◆ **Supplied information**:

%%

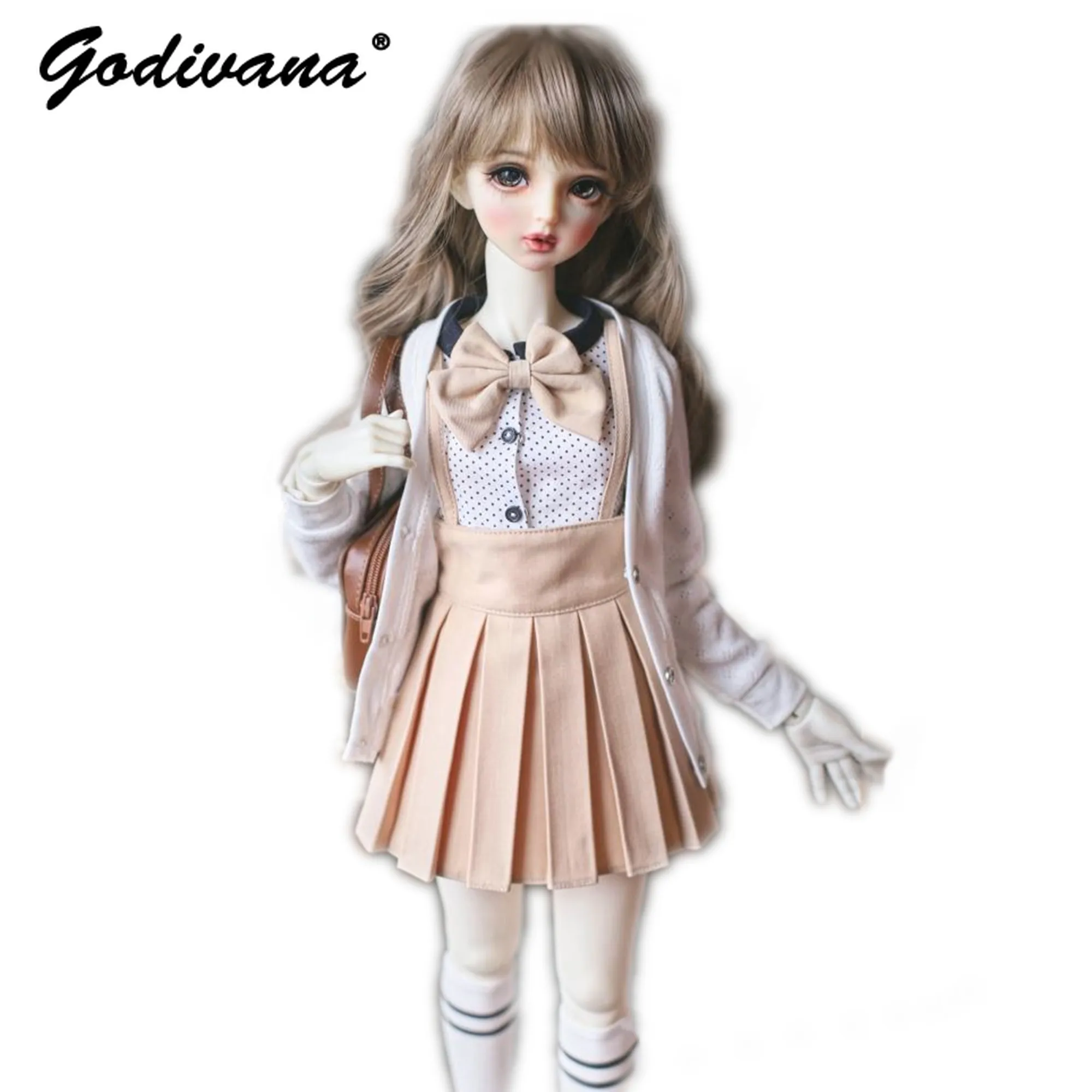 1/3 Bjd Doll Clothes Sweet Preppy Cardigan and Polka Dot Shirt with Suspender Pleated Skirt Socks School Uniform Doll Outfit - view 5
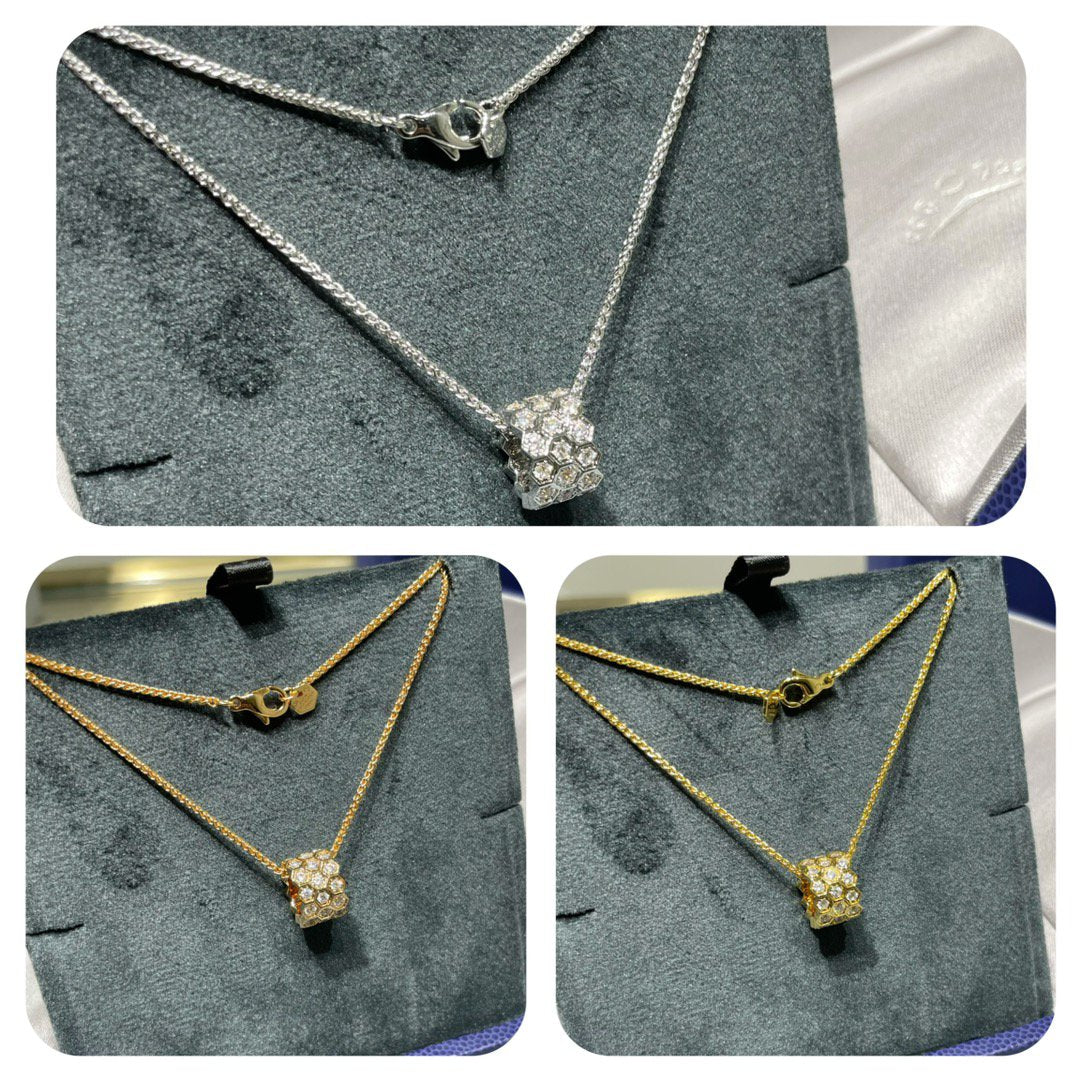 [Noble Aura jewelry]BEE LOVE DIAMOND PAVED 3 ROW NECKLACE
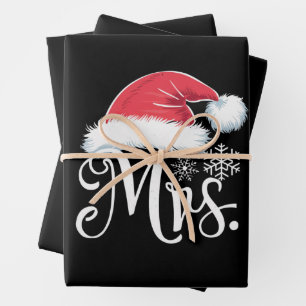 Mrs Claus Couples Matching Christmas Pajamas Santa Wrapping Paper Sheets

%%

◆ **Work to be completed**: Please copy out each line above exactly as written, but not the pictures.

◆ **Result**:
 1/3 Bjd Doll Clothes Sweet Preppy Cardigan and Polka Dot Shirt with Suspender Pleated Skirt Socks School Uniform Doll Outfit - view 5
 [Noble Aura jewelry]BEE LOVE DIAMOND PAVED 3 ROW NECKLACE
 Mrs Claus Couples Matching Christmas Pajamas Santa Wrapping Paper Sheets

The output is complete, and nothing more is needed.